I can make my first cast in Elevenmile Canyon about 52 minutes after pulling out of my driveway in central Colorado Springs. That was the case yesterday when I decided in mid-afternoon that the work on my desk and the emails in the inbox would still be there on Monday, but this beautiful fall afternoon would not.
I tied on a dry and trailed a tiny emerger behind it, the top one mainly so I would know approximately where the smaller emerger was on the water. I positioned myself to fish the ripples just off the bank. The small brown took the first fly, to my surprise, and put up a nice little fight. When he got close, I noticed a second fish following him in. At first, I thought the second fish was just the shadow of the fish I had on the line. He was darting a little erractically, though, and I realized he was following the second fly on the line. He darted back downstream and I netted the first catch of the day.
I decided to give that side of the river a rest after I released the fish. On my second cast out to the far-side of the pool in the middle of the river, I felt the hit on the tiny, second fly.

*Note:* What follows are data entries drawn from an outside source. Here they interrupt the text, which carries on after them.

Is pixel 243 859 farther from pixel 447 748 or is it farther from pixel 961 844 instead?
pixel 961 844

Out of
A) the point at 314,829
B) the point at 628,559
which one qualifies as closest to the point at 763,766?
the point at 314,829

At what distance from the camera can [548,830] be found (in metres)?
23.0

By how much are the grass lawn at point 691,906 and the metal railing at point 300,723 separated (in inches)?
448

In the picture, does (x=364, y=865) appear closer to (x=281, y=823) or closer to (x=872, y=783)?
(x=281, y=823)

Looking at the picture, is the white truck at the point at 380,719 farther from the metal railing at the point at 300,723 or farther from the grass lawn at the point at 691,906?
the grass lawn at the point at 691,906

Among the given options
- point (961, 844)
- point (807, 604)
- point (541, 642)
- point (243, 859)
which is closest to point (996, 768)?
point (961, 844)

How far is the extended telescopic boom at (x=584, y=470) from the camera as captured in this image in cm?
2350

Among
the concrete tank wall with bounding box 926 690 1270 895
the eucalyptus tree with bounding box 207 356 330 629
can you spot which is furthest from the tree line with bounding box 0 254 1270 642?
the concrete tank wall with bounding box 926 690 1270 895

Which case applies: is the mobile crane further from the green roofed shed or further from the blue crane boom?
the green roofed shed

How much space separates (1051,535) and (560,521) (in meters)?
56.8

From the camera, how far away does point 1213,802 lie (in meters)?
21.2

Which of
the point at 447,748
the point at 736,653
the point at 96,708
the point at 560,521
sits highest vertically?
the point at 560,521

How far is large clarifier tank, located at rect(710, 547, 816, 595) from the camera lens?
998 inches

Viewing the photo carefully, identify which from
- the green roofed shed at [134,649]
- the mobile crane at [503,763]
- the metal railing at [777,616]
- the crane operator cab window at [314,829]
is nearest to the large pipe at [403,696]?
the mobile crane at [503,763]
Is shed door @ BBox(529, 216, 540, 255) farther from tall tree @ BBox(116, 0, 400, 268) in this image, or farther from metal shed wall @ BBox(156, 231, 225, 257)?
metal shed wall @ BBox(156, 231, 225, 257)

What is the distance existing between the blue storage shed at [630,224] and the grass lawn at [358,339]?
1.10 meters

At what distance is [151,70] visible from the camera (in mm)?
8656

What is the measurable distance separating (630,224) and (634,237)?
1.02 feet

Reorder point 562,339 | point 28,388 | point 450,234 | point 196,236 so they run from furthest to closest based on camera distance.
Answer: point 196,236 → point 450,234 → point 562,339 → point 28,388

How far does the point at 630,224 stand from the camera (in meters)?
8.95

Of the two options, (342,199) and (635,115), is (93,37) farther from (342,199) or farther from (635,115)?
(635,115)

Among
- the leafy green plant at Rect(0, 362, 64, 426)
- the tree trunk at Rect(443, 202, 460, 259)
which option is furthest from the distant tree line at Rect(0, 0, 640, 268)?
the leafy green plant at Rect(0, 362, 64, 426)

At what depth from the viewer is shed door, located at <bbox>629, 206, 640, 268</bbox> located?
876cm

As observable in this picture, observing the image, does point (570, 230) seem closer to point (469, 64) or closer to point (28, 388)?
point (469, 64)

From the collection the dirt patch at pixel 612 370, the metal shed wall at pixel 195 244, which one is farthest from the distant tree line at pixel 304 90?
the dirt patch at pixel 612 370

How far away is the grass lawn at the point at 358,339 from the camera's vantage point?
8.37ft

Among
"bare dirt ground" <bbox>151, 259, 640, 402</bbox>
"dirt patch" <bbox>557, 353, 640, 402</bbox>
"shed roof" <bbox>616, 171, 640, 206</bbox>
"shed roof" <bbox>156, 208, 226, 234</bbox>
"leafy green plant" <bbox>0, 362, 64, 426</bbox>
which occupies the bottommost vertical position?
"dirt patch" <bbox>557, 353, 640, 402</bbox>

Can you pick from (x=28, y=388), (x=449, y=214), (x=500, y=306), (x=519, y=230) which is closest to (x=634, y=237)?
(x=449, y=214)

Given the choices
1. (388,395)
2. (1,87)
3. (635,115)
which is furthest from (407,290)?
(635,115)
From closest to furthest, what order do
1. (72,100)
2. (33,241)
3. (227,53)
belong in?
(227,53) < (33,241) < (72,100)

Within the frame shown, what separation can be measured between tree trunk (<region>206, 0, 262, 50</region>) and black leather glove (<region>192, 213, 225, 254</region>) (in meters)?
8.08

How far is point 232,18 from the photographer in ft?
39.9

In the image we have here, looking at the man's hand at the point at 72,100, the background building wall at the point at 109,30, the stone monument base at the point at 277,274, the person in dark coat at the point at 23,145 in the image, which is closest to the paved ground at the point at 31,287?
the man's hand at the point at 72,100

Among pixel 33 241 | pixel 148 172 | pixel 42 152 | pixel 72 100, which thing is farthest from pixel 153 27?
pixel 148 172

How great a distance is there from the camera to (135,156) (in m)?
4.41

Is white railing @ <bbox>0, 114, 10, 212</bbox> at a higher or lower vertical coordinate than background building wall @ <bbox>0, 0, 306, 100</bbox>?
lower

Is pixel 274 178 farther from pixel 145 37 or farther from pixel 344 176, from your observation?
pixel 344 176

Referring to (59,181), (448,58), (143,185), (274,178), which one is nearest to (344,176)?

The top fly dunked into the seam. The big brown took the small emerger and dove down into the deep pool between us. I loved the bend in the rod and the steady pull of the big fish. He turned downstream; I turned him back. He turned back to the deep pool. I turned him out of it. His heftiness filled the net and I felt his weight and strength in my hand as I took out the fly and released him back into the current. Two catches on two different flies on one rig.
A little while later, as the sun was disappearing, the dusk sky was streaked with clouds which were now turning orange. The wind had died down. That autumn chill of the evening air was settling into the canyon. I was grateful for a 52 minute drive that always connects me to something bigger in my life and fills me with a sense of awe and wonder.